Tom Goos 2016 Featured Image sizeIn late May, in a dark, smoky room in a hotel basement just outside of the White House grounds in Washington D.C., a special meeting took place. Were Paul Ryan, President Obama, Hillary Clinton and Donald Trump meeting to call a truce to the political drama? Nope, it was our PPAI Board of Directors and staff leadership meeting to examine and update the Association’s three-year strategic plan. Okay, it wasn’t smoky or dark, and we weren’t meeting in a basement—we were in a sunny meeting room with an inspiring view of the White House—but our meeting was just as important to the industry’s future. Three months of intense preparation culminated in this two-day meeting.

Paul Bellantone, PPAI’s president and CEO, and I began our discussions about this day 10 months earlier. We pondered ideas we could employ to make sure it was successful. We talked at length about what we could do to prepare the board and staff leaders to gather information and think outside the typical strategic plan update.

One thing we both felt strongly about was hiring a strategic facilitator to help prepare our mindset and drive the conversation. We believed it was important to have a strong partner who had experience with disrupted industries and had worked with other associations through changing times. With the industry amidst disruption and many of our members experiencing tremendous changes, we knew the Association needed to learn to surf on top of the wave of change. We were pleased to engage the expertise of strategist Seth Kahan, who navigated us through the process that began earlier this year.

In preparation for this meeting, the following steps were taken: 1) PPAI held member focus groups at Expo East; 2) PPAI created a membership task force for input on a number of topics, and 3) Each board and staff member was required to read three specific books on innovation and disruption as well as countless articles on strategic planning and association change.

Over the course of the strategic planning meeting, we worked together to determine and discuss current and potential disrupters, examine trends and issues, and think strategically about how PPAI needs to prepare to meet the future and best serve its members and the industry. We scrutinized every word of PPAI’s vision and mission statements, we considered, we analyzed, we sifted through numerous ideas.

At the end of the second day, the board and staff walked away exhausted but highly invigorated about what lies ahead for PPAI and the industry—and we came away with a new PPAI mission statement supported by a fresh set of goals:


PPAI advocates the power and value of promotional products in the marketing and advertising professions to ensure the success of its members and the global industry.


PPAI is the trusted leader delivering essential knowledge, resources and community to ensure the success of our members and the industry.

The new mission hinges foremost on the word “trusted”—a role only PPAI, as the industry’s trade association, can provide. It also clearly reflects on the relationship between the Association and our members, and the confidence they have in us—I like that.
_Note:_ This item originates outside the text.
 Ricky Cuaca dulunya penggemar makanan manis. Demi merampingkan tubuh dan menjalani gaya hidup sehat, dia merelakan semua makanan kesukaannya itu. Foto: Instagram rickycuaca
  1. Drive meaningful member value
  2. Advocate for the industry
  3. Develop and leverage strategic foresight
  4. Manage an efficient and progressive organization

These are high-level goals that will be supported with a number of strategies and tactics to round them out and bring them to fruition.

Among the new goals is No. 3 that focuses specifically on strategic foresight. With the velocity of change coming at our members, the industry and our Association, this goal is a strategic commitment to help us stay on top of emerging trends, constantly scan our environment, monitor opportunities and help our members prepare for and stay ahead of dramatic changes.

I’m thrilled with the meeting’s process and its ultimate outcome. We set out on a journey requiring preparation and two days of intense discussion, and emerged with an exceptionally strong three-year strategic direction for PPAI.

Now that we have a strong framework, we will build on these goals over the next several months and present them to the membership this fall.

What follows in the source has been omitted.